== WORK TO BE COMPLETED ==
Among the entries that follow, locate the line with "سه تیکه رستا نورا" and the line with "ハイゼットカーゴスペシャル２". Output those lines and all lines in between, exactly, minus the pictures.

━━━━━ DATASET ENTRIES ━━━━━

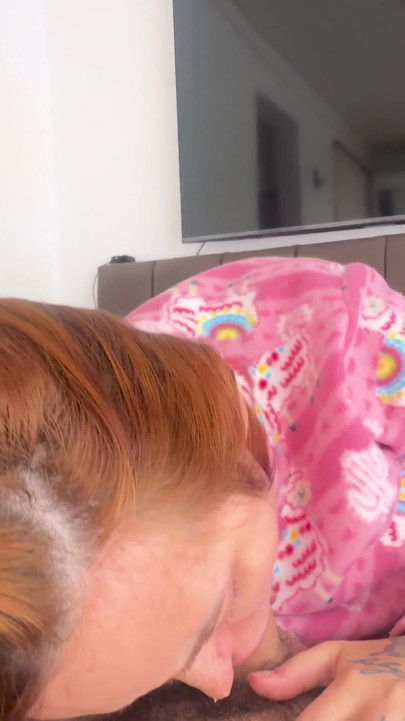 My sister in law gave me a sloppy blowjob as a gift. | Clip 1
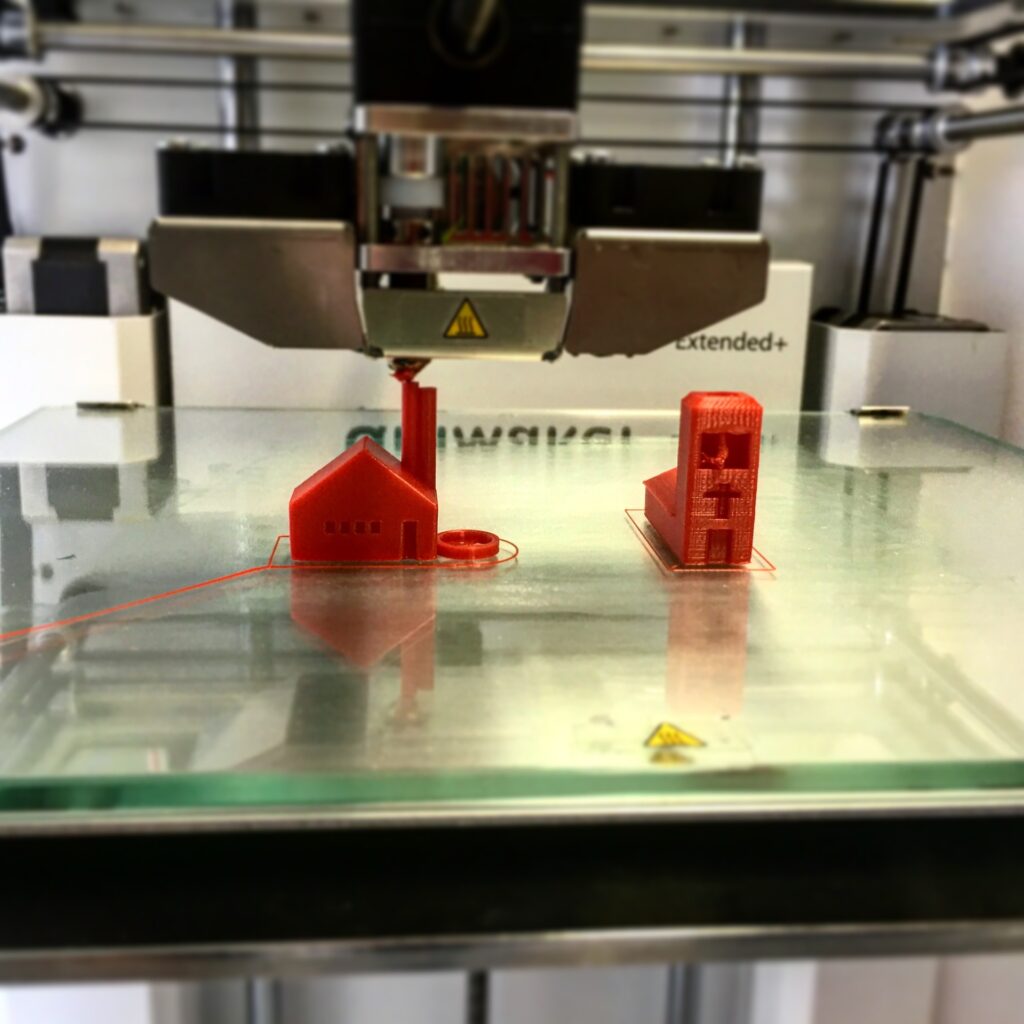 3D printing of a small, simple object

━━━━━
━━━━━ DATASET ENTRIES ━━━━━

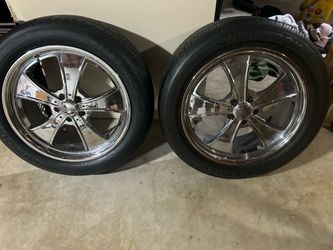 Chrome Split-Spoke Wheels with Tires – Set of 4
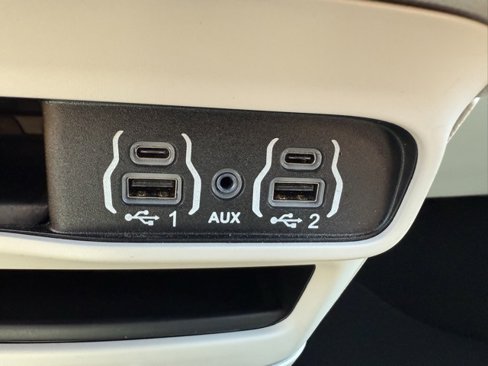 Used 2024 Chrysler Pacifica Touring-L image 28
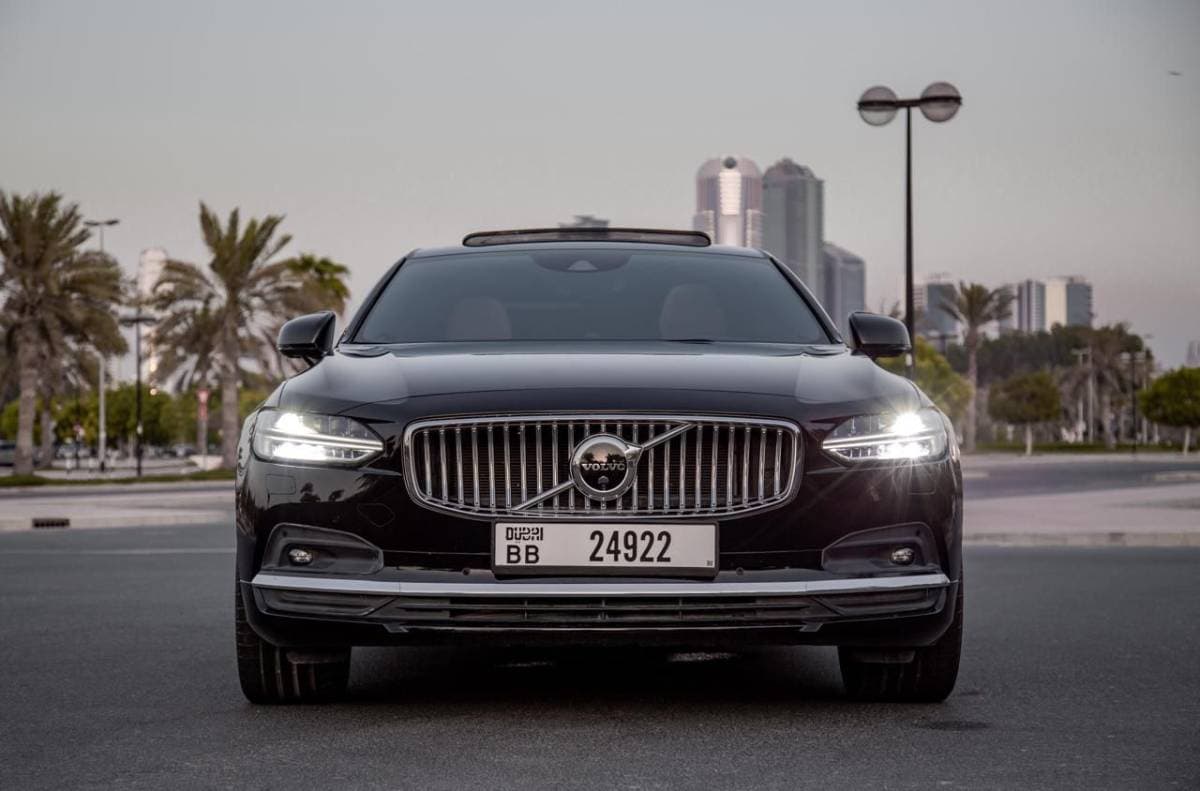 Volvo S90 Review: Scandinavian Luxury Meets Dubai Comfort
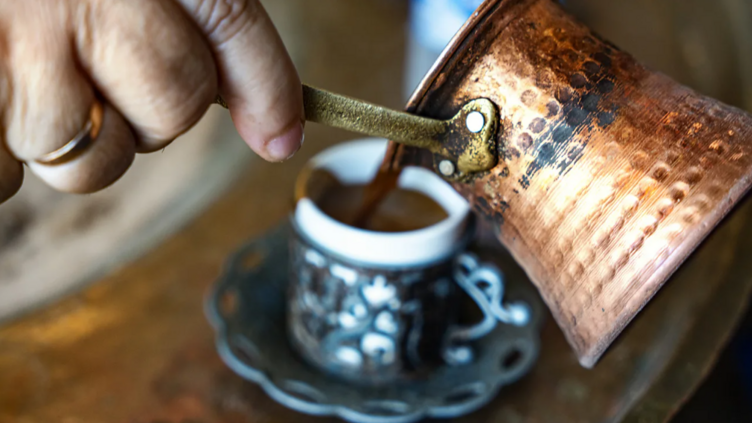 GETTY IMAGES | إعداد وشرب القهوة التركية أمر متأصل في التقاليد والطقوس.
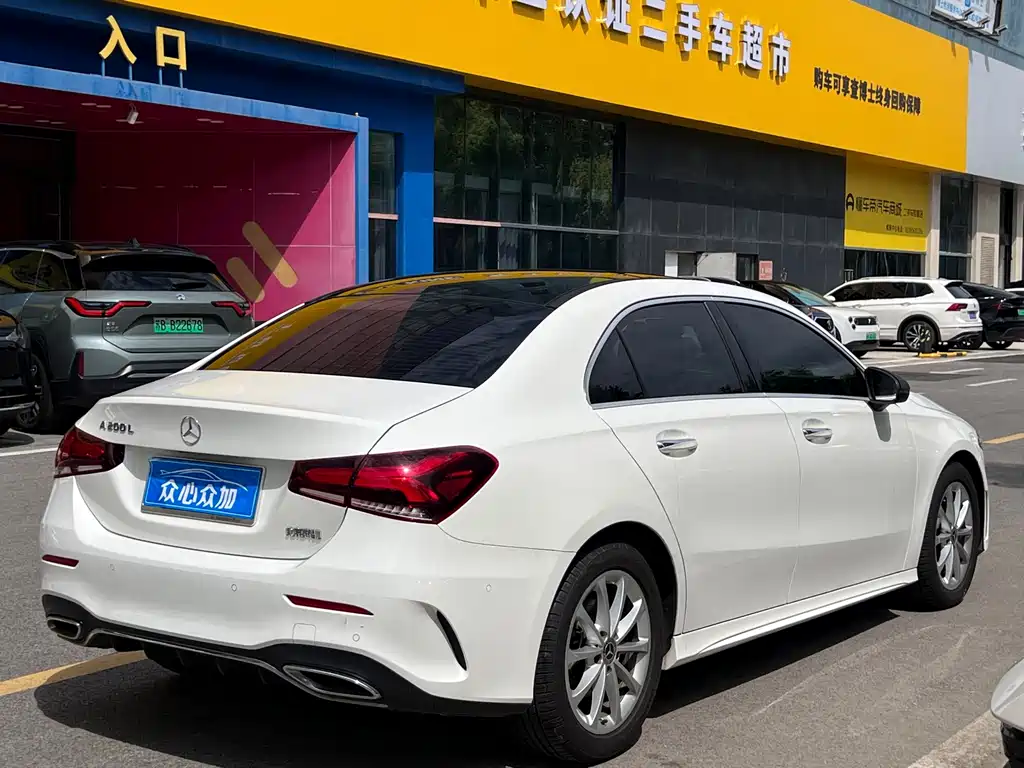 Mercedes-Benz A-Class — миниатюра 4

━━━━━
━━━━━ DATASET ENTRIES ━━━━━

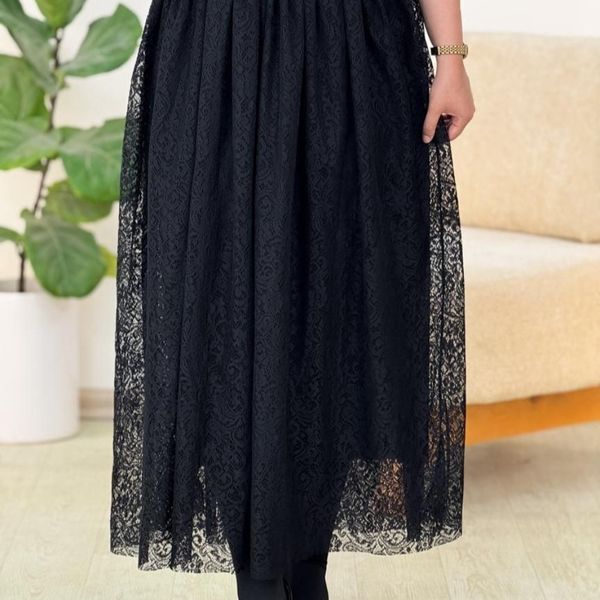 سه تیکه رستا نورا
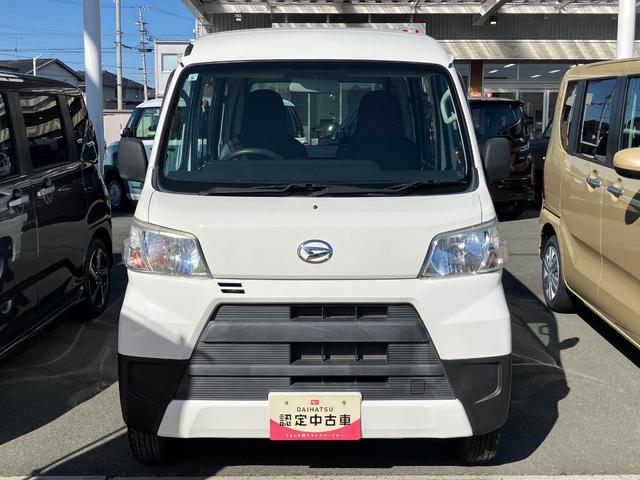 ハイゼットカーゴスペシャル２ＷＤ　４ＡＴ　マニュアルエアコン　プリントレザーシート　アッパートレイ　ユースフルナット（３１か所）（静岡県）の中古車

━━━━━

== REPLY TO THE TASK ==
 سه تیکه رستا نورا
 ハイゼットカーゴスペシャル２ＷＤ　４ＡＴ　マニュアルエアコン　プリントレザーシート　アッパートレイ　ユースフルナット（３１か所）（静岡県）の中古車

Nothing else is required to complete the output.